Although FZHY has long been used clinically, research has continued owing to its complex components. FZHY in mice has been reported to prevent the development of liver fibrosis (Dong et al., 2018; Jiang et al., 2020; Yang et al., 2020). Presently, research on FZHY is mainly focused on its antiliver fibrosis mechanism (Chen et al., 2019; Hu et al., 2019; Wu et al., 2019; Zhang et al., 2020) and material basis. A total of 49 blood components of FZHY have been identified by ultra‐performance liquid chromatography–high resolution time‐of‐flight mass spectrometry (UHPLC–Q‐TOF/MS) (Wu et al., 2019). In our previous studies, 11 compounds and two metabolites of Danshen in FZHY were identified in rat plasma (Yang et al., 2013), and the pharmacokinetics and tissue distribution of 10 components of FZHY in Wistar rats, including schisandrin B and rosmarinic acid, were studied (Yang, Liu, Wang, et al., 2015a; Yang, Liu, Zheng, et al., 2015). However, the toxicokinetics of FZHY have not been reported.
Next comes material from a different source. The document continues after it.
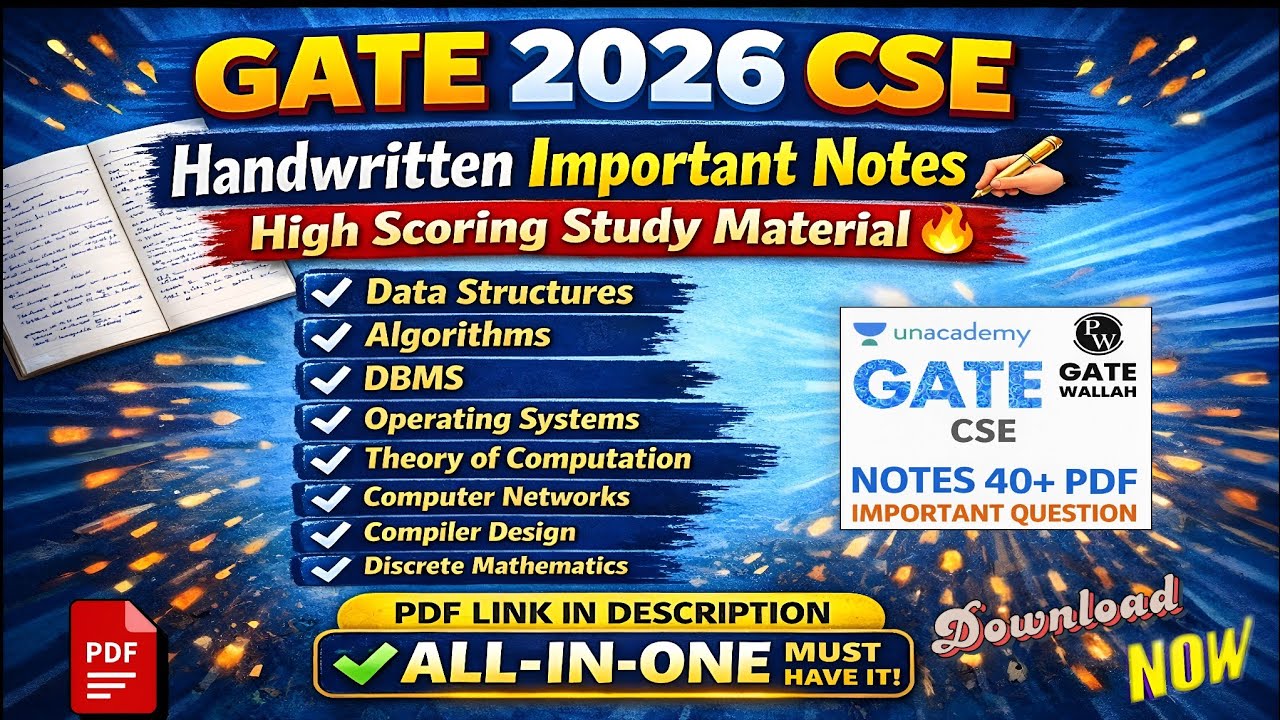 GATE 2026 CS & IT Computer Science and Engineering Notes PDF Download  | Gate exam preparation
Toxicokinetics has become an important nonclinical toxicity test (Meng et al., 2014). As an important part of TCM safety evaluation, toxicokinetics research can use toxicological tests to evaluate possible adverse reactions to human drugs, and effectively interpret the results of toxicity tests to predict the safety of medicines in humans (Gao et al., 2015). Beagle dogs are nonrodents that are suitable for evaluating drug safety. However, owing to the high costs and experimental challenges, there are few studies on the toxicokinetics of traditional Chinese medicines in dogs. FZHY itself is characteristic of ‘multicomponent, multistep, multitarget’ intervention, and has unique and complex properties. Therefore, toxicokinetics research must also be conducted on FZHY using beagle dogs to facilitate further scientific research. Drug safety and quantitative evaluation of drug absorption, distribution, metabolism and excretion in the body can fully determine the dose–effect and time–effect relationships between the toxicity and ingredients of FZHY.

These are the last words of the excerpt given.